🤖 AI Summary
This work addresses the significant energy overhead in multi-agent software engineering systems caused by redundant output tokens during repeated codebase exploration. It reveals, for the first time, that output tokens incur substantially higher energy consumption than input or cached tokens. To mitigate this inefficiency, the authors propose the Librarian mechanism, which maintains a persistent memory of cross-agent search history and replaces full file snippets with lightweight references to suppress redundant outputs. Evaluated on the SWE-Bench Verified benchmark, this approach reduces per-turn GPU energy consumption by up to 25% without compromising task performance. The core contributions include a history-aware redundancy suppression mechanism, fine-grained energy attribution analysis, and an efficient reference generation strategy.
📝 Abstract
Multi-agent systems (MAS) have substantially advanced autonomous software engineering (SWE), but their growing inference energy demands raise sustainability concerns. In this paper, we demonstrate that this cost is concentrated in an overlooked source: redundant output tokens generated across agents. Two empirical findings ground this claim.
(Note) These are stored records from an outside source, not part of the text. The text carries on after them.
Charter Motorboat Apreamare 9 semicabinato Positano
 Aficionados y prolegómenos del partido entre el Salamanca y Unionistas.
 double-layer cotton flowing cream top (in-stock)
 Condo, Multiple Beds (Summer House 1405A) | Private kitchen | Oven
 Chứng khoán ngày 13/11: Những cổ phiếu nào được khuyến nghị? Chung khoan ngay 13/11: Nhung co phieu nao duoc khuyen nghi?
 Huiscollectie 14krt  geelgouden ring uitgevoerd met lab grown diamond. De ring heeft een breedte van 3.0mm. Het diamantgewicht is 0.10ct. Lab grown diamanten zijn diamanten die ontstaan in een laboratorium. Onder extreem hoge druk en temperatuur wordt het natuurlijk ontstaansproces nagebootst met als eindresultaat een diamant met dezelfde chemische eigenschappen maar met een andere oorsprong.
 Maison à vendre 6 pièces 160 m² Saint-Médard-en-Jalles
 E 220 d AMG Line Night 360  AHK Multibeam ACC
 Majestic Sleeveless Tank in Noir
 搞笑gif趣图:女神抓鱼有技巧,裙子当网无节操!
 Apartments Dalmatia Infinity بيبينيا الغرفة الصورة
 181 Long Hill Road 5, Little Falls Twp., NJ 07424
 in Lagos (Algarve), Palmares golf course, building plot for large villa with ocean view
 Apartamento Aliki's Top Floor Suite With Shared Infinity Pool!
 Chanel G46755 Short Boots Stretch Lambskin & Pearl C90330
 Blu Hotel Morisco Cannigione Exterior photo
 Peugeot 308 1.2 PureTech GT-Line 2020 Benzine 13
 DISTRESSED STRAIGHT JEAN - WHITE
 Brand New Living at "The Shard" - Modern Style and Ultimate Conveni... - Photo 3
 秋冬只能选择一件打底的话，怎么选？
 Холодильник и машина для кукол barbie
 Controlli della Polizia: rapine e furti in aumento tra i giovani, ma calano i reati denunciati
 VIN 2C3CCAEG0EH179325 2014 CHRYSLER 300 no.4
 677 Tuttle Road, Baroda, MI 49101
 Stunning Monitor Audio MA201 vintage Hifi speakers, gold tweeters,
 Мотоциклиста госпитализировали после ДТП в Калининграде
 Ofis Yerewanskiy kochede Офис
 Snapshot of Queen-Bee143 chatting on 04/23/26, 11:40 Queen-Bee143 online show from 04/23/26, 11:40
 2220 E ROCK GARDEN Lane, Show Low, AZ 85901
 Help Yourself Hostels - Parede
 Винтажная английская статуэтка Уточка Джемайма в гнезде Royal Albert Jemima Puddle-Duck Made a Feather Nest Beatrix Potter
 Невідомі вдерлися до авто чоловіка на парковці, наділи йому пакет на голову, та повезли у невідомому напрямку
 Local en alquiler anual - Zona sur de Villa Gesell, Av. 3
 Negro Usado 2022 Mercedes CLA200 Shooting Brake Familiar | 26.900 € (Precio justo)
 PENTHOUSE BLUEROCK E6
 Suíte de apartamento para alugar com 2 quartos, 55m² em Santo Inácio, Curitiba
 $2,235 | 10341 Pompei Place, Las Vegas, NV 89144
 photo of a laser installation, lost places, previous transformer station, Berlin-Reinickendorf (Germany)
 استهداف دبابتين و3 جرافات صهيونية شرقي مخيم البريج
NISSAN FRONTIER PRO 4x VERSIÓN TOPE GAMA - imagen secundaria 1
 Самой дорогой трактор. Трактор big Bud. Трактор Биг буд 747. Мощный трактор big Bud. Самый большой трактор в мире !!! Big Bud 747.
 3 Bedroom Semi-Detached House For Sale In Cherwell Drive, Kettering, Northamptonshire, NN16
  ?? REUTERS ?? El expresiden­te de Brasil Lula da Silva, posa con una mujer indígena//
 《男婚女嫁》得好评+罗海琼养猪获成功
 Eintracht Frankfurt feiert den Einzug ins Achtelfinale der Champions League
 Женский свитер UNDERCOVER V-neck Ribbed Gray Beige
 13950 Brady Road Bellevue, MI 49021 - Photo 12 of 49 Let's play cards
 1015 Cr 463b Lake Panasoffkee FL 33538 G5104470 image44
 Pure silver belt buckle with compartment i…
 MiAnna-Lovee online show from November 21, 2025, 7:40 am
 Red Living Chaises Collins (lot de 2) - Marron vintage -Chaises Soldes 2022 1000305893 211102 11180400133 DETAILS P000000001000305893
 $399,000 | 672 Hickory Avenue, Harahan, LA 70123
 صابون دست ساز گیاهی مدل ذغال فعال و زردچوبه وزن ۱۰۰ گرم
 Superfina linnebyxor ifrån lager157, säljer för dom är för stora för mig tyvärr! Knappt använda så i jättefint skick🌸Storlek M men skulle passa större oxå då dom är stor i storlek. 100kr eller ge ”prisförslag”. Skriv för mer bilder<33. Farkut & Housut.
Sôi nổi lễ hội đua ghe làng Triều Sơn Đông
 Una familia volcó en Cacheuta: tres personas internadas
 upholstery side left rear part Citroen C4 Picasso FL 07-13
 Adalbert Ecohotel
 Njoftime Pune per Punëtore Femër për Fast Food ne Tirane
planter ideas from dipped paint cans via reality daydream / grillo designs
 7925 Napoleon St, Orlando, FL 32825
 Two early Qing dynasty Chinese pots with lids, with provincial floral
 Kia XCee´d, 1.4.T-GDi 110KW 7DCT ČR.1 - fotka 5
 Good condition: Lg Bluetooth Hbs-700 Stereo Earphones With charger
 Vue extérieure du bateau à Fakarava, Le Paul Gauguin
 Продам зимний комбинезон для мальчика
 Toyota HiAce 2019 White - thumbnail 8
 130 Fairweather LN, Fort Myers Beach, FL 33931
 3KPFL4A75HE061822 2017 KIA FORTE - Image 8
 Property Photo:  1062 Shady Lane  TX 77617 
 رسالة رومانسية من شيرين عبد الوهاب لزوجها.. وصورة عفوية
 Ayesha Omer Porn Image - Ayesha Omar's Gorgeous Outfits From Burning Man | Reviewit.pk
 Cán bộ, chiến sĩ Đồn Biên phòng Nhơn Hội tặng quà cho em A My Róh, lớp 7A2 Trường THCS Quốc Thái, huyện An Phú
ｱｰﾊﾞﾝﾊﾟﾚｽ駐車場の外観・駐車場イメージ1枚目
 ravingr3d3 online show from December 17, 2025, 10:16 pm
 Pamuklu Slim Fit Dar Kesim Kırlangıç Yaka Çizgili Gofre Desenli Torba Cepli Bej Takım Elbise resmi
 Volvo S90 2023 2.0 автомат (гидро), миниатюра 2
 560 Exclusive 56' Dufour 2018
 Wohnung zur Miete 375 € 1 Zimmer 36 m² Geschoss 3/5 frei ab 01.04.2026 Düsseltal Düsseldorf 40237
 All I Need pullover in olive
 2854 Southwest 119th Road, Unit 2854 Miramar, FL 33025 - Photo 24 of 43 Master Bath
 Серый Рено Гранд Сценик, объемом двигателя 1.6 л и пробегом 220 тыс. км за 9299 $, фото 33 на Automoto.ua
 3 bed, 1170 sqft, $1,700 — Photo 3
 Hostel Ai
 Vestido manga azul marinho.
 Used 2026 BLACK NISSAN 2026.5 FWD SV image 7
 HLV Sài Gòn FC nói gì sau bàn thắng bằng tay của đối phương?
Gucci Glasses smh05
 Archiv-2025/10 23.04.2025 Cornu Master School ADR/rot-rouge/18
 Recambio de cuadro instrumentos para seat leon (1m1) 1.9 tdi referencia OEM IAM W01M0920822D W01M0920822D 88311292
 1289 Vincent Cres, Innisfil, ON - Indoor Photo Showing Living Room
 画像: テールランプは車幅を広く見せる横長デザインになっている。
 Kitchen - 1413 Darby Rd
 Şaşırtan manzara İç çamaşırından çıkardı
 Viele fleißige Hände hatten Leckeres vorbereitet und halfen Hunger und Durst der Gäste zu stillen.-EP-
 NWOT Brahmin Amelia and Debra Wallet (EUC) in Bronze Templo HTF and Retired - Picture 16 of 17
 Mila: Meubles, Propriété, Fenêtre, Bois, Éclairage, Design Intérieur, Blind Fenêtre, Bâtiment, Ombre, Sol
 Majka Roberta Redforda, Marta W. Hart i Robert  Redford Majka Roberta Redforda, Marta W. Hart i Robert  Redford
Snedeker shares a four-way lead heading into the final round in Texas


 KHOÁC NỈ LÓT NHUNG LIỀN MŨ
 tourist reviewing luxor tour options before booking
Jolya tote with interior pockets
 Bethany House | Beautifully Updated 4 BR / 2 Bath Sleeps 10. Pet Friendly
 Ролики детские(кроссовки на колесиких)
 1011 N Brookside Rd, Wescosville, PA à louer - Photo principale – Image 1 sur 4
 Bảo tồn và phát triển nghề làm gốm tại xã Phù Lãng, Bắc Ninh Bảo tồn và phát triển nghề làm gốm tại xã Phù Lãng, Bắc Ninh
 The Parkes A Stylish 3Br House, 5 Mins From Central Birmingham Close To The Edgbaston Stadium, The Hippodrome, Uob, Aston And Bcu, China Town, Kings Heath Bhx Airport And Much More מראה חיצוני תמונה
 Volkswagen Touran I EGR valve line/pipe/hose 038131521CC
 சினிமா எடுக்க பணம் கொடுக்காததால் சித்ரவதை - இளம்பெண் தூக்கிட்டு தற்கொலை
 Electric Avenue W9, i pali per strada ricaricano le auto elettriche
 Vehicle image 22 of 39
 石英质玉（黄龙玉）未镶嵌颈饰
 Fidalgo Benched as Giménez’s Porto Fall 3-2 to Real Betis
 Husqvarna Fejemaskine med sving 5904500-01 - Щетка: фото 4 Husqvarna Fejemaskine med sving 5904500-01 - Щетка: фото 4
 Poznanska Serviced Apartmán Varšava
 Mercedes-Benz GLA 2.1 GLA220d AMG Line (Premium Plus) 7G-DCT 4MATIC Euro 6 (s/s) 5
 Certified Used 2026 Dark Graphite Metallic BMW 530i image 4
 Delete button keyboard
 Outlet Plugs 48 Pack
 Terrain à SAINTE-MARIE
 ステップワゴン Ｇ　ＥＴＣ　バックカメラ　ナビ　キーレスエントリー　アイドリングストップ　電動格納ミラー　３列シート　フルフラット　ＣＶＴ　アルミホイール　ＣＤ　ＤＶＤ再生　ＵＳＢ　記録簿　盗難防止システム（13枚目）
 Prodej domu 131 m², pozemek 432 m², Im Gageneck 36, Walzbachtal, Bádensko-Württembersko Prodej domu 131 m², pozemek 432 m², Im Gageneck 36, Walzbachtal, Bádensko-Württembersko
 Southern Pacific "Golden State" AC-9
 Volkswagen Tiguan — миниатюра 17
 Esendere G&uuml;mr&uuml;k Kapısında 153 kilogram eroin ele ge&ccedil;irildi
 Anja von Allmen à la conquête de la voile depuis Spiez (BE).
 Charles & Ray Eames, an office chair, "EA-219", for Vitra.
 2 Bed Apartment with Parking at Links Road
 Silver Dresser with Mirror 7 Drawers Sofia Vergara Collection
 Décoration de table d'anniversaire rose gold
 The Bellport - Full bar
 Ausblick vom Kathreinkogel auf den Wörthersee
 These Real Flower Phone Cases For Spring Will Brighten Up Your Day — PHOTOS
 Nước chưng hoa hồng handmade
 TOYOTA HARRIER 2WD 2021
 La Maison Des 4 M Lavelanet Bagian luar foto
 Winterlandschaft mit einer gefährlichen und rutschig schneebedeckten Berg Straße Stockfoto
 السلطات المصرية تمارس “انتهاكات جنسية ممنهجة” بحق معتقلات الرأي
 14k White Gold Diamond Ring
First, our per-token energy attribution for MAS reveals a sharp asymmetry: an output token consumes 30 to 1,000 times more energy than an input or cached token. Second, MAS inflate per-episode output because agents repeatedly re-explore overlapping repository regions. To address this inefficiency, we propose Librarian, a persistent search sub-agent that tracks repository-search history and suppresses redundant exploration actions across agents. By returning short references to file regions instead of full file excerpts, Librarian further reduces output-token volume. On SWE-Bench Verified, Librarian reduces per-episode GPU energy consumption of existing multi-agent SWE systems by up to 25% while preserving task performance.